Beautiful puppies, how can you choose??? 

I was lucky (!) my first dog was the only one available in the litter. Then my next one was going to be a girl, but I chose a boy ..... 

Won't be long before you take your puppy home and then the fun begins


----------



## Jacamar

Choosing will be hard. Im not a fast decision-maker!


----------



## ambitious groomer

*I'm so happy for you!!*

Waiting is a killer!! For me the last 24 hours were the hardest by far. At least you have wonderful pics to sate you for now  I thought I wanted a puppy and ended up with a girl whose almost 2 from my breeder :-D (just got her late Tuesday) also I have 3 dogs now the others are 10 and 11. I find it easier bringing another home since the new one learns faster from the other dogs than from me. I also take my dogs anywhere I'm allowed, I taught them to heel together on my right. Took some extra time but I can't have just one  good luck and thanks so much for the pics. It's cuteness overload!


----------



## Minnie

What cuties!!!! Exciting time as they grow so fast!

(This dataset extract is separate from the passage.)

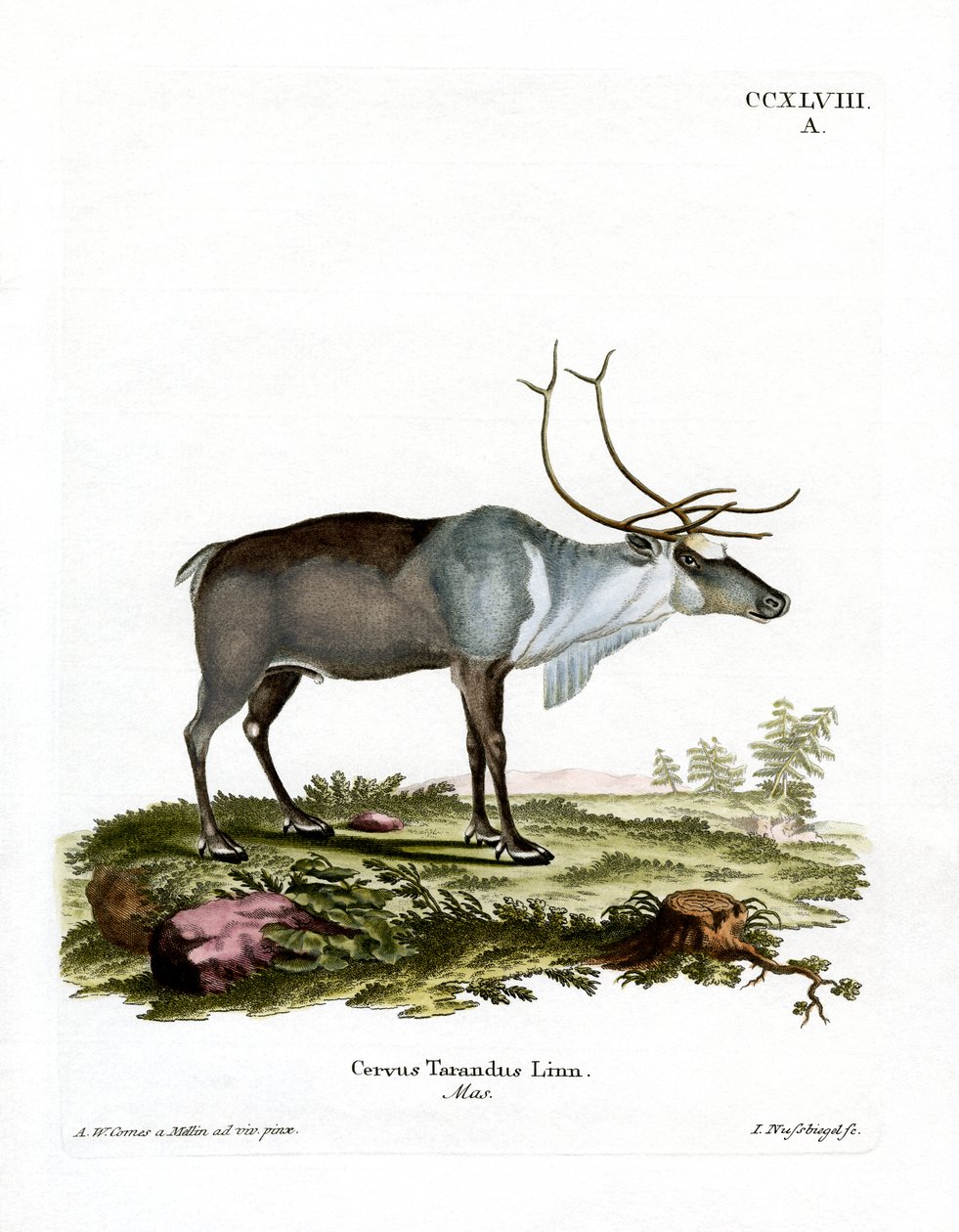 Poro (värillinen kaiverrus) tekijältä German School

Sent from my iPhone using PG Free


----------



## liljaker

Adorable. In the image with them all lined up and sleeping......except the 2nd from the back........I'd lean that way. Just because, well, he didn't go along with the crowd! (kidding). How exciting.


----------



## Jacamar

Ambitious Groomer,
Congrats on your new poodle!!


The latest pic from the breeder. They are 3 weeks old today. :happy:
The two girls are in purple collars, the rest are boys.


----------



## petitpie

What cuties!


----------



## schpeckie

Oh my gosh, they are just adorable! I'm sure you are counting the days or even the hours! Ha ha! The girls and myself are so happy for you! Please keep us posted!
Sylvia and the Girls! :kiss:


----------



## outwest

What a beautiful litter and they are ALL so white! I looooove white poodles (my last girl was pure white), especially with those black noses and dark eyes. Your breeder is being wonderful sending these terrific pictures to you. Are you going to visit in a week or so?


----------



## Jacamar

outwest said:


> What a beautiful litter and they are ALL so white! I looooove white poodles (my last girl was pure white), especially with those black noses and dark eyes. Your breeder is being wonderful sending these terrific pictures to you. Are you going to visit in a week or so?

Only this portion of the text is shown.